TASK DIRECTIONS
From the first line to the last, retype the records exactly and skip the pictures.

SUPPLIED MATERIAL
──────────────────────────────
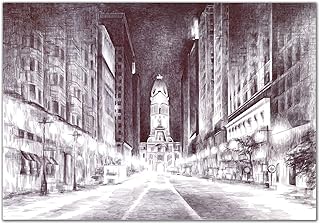 Philadelphia City Hall Street View Wall Decor - 8x10in UNFRAMED Art Print - Modern Wall Art Black & White - Home & Office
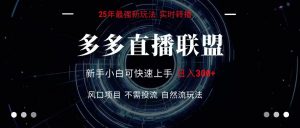 多多直播联盟 全新玩法 单机单日变现300+不要求电脑配置 玩法简单暴力-网创项目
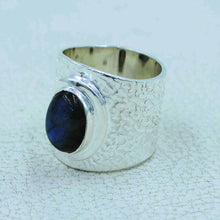 925 Silver Textured Labradorite Rings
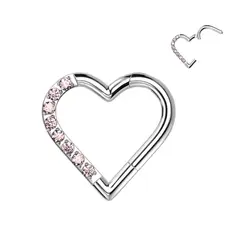 ADR JOYERIA CORPORAL - Piercing Argolla Corazón Zircones Oreja Daith Titanio ADR Joyería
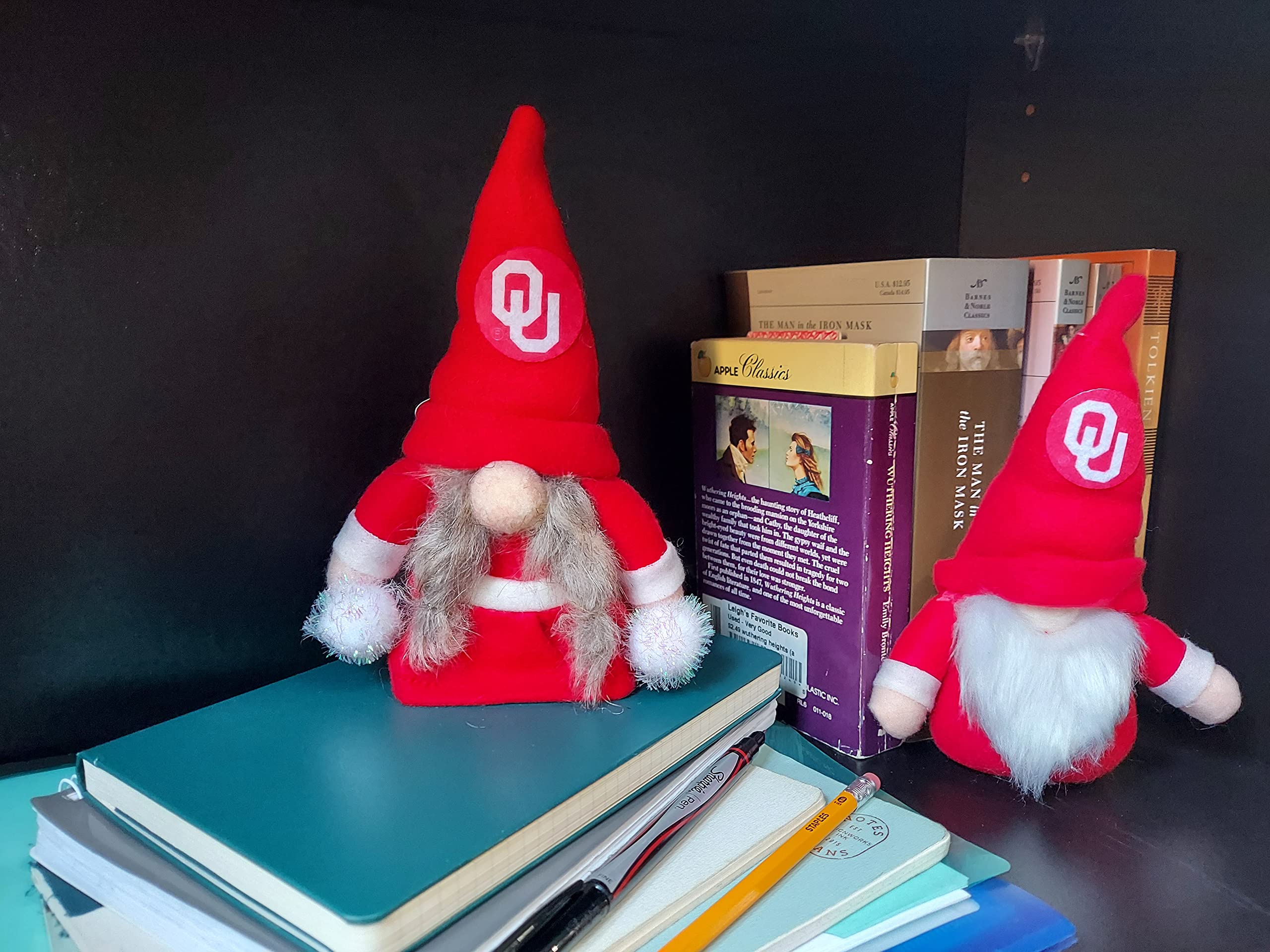 University of Oklahoma Set of 2 Plush Gnome Christmas Tree Ornaments by Hannas Handiworks - Fan/Cheerleader Holiday/Dorm Decorat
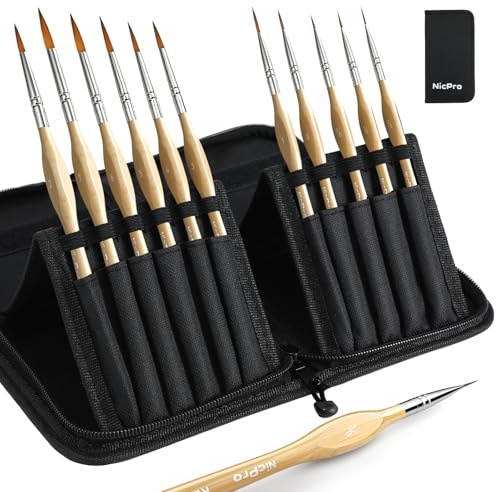 Nicpro 11 Pièces Pinceaux Miniatures, Pinceau Professionnels à Pointe Fine, Pinceaux de Détail d'artiste pour Aquarelle, Huile, Acrylique, Artisanat, Modèles, Peinture par Numéro avec Support Nylon
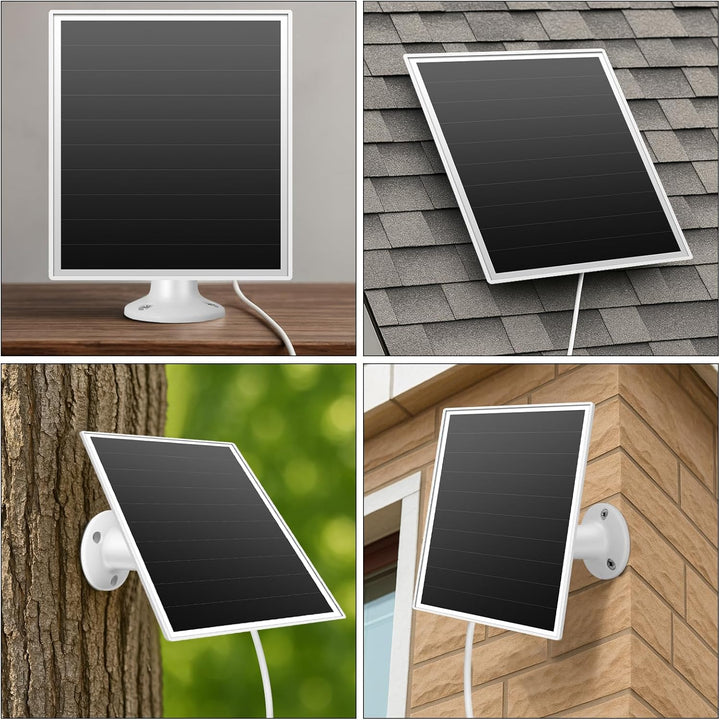 6W Solarpanel für Ringkamera, Netzladegerät mit Kontrollleuchte, 2 Schnelllade-Solarladegeräte für R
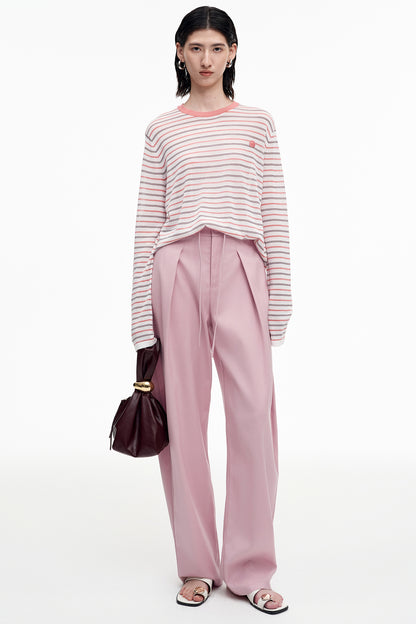 SELFWHO wool blend pleated drawstring elastic scimitar pants
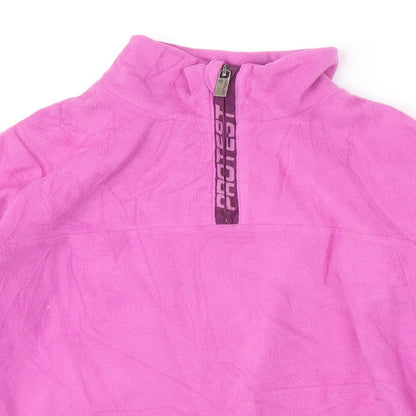 Protest Womens Pink Polyester Pullover Sweatshirt Size 10 Zip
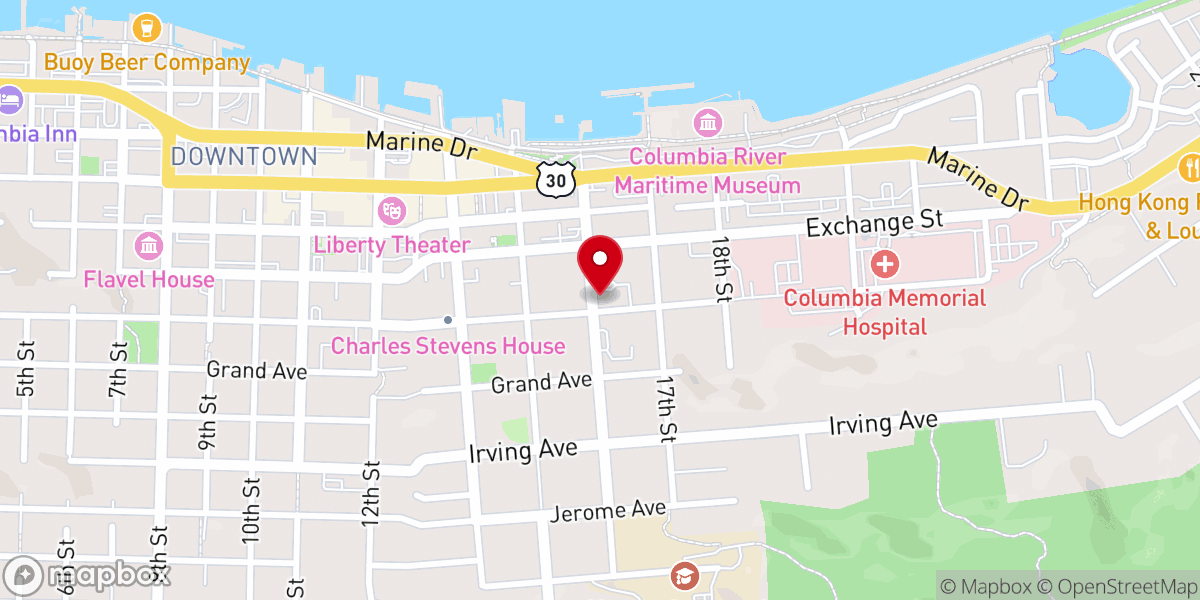 Map showing location of Charlene Larsen Center for the Performing Arts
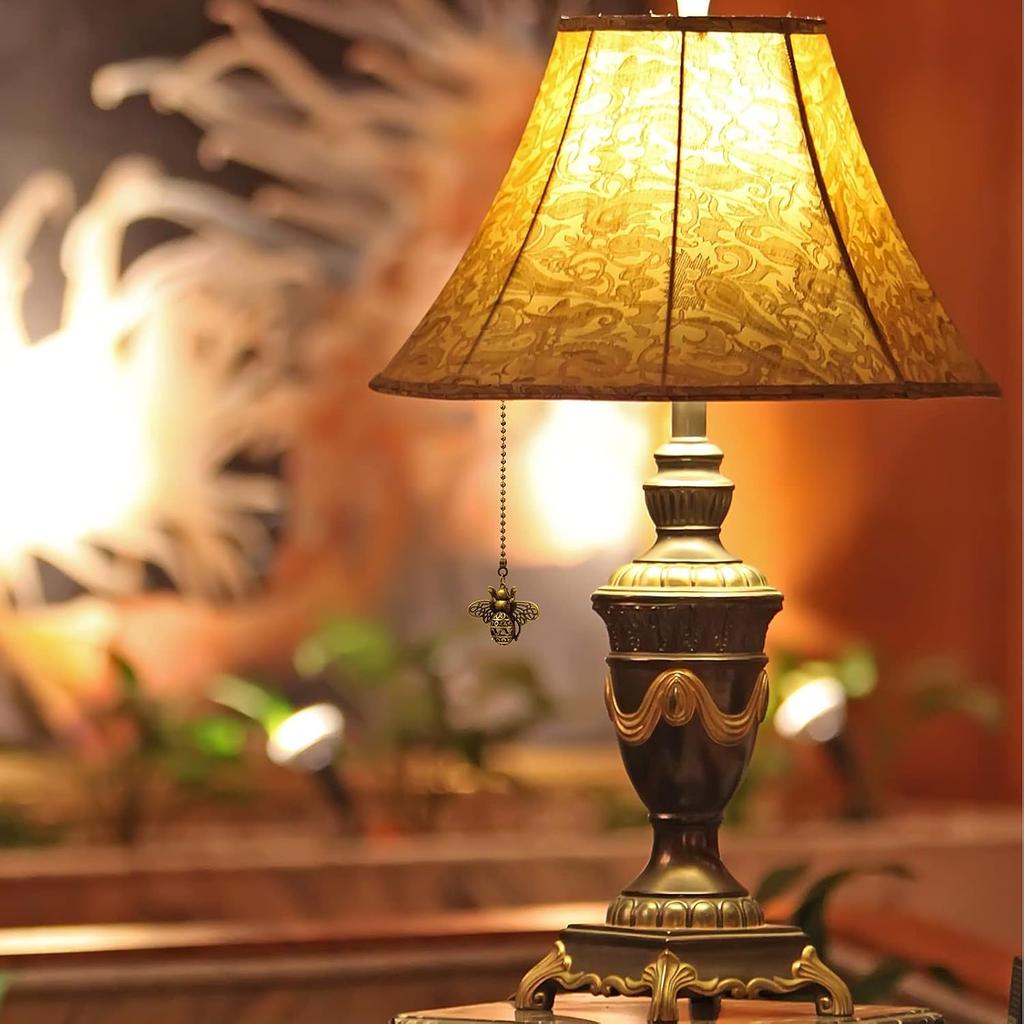 Набор из 4 штук 13-дюймовых винтажных удлинителей цепочки для потолочного вентилятора с подвесками-шармами в виде пчелы-матки, бронза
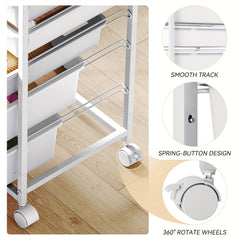 KINGRACK 5-Drawer Rolling Storage Cabinet with Lockable Casters & /Grey Drawers - Heavy-Duty Iron Frame, Space-Saving Mobile Organizer Cart, Compact 27-Inch Height, 3.2 Cu Ft Capacity, Stackable Design for Bedroom, Living Room, Home Office - Easy As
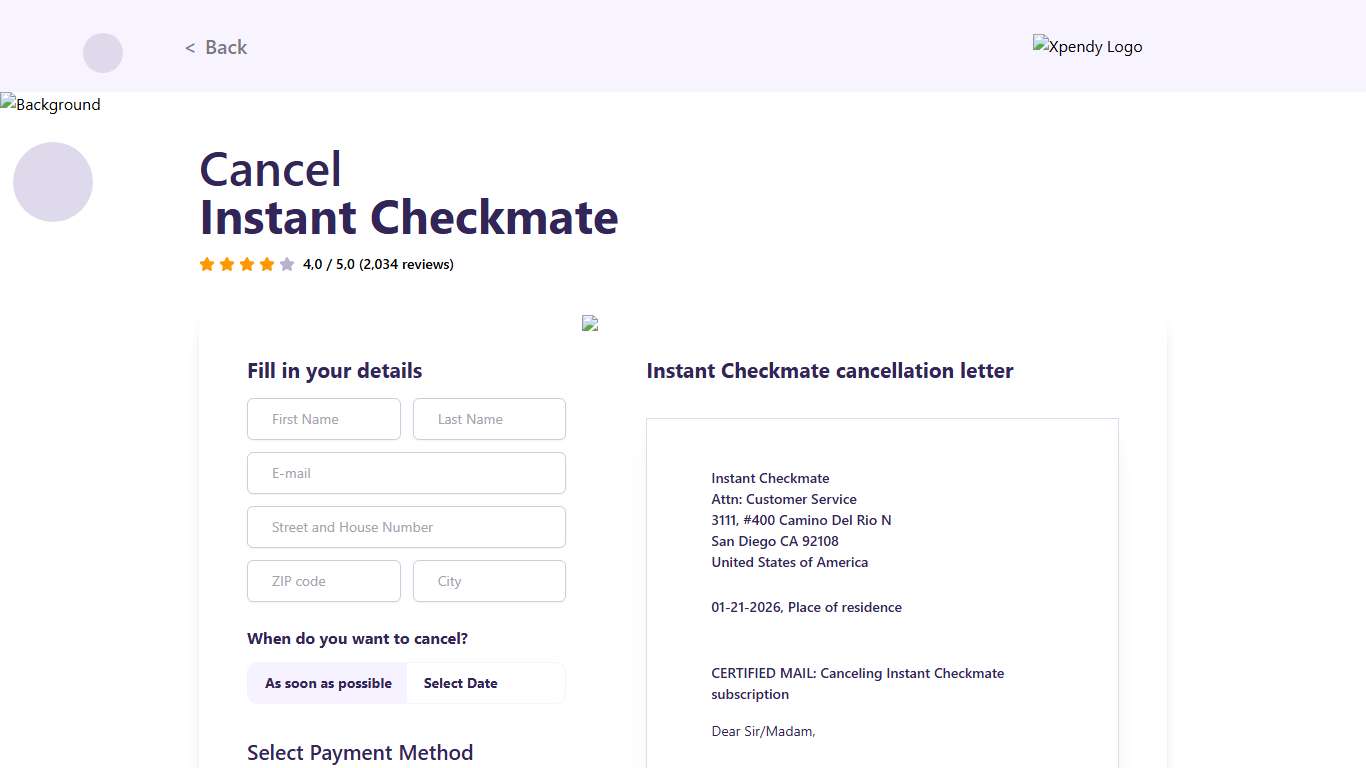 Cancel Instant Checkmate within 2 minutes | Xpendy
──────────────────────────────
ANSWER TO THIS EXERCISE
 Philadelphia City Hall Street View Wall Decor - 8x10in UNFRAMED Art Print - Modern Wall Art Black & White - Home & Office
 多多直播联盟 全新玩法 单机单日变现300+不要求电脑配置 玩法简单暴力-网创项目
 925 Silver Textured Labradorite Rings
 ADR JOYERIA CORPORAL - Piercing Argolla Corazón Zircones Oreja Daith Titanio ADR Joyería
 University of Oklahoma Set of 2 Plush Gnome Christmas Tree Ornaments by Hannas Handiworks - Fan/Cheerleader Holiday/Dorm Decorat
 Nicpro 11 Pièces Pinceaux Miniatures, Pinceau Professionnels à Pointe Fine, Pinceaux de Détail d'artiste pour Aquarelle, Huile, Acrylique, Artisanat, Modèles, Peinture par Numéro avec Support Nylon
 6W Solarpanel für Ringkamera, Netzladegerät mit Kontrollleuchte, 2 Schnelllade-Solarladegeräte für R
 SELFWHO wool blend pleated drawstring elastic scimitar pants
 Protest Womens Pink Polyester Pullover Sweatshirt Size 10 Zip
 Map showing location of Charlene Larsen Center for the Performing Arts
 Набор из 4 штук 13-дюймовых винтажных удлинителей цепочки для потолочного вентилятора с подвесками-шармами в виде пчелы-матки, бронза
 KINGRACK 5-Drawer Rolling Storage Cabinet with Lockable Casters & /Grey Drawers - Heavy-Duty Iron Frame, Space-Saving Mobile Organizer Cart, Compact 27-Inch Height, 3.2 Cu Ft Capacity, Stackable Design for Bedroom, Living Room, Home Office - Easy As
 Cancel Instant Checkmate within 2 minutes | Xpendy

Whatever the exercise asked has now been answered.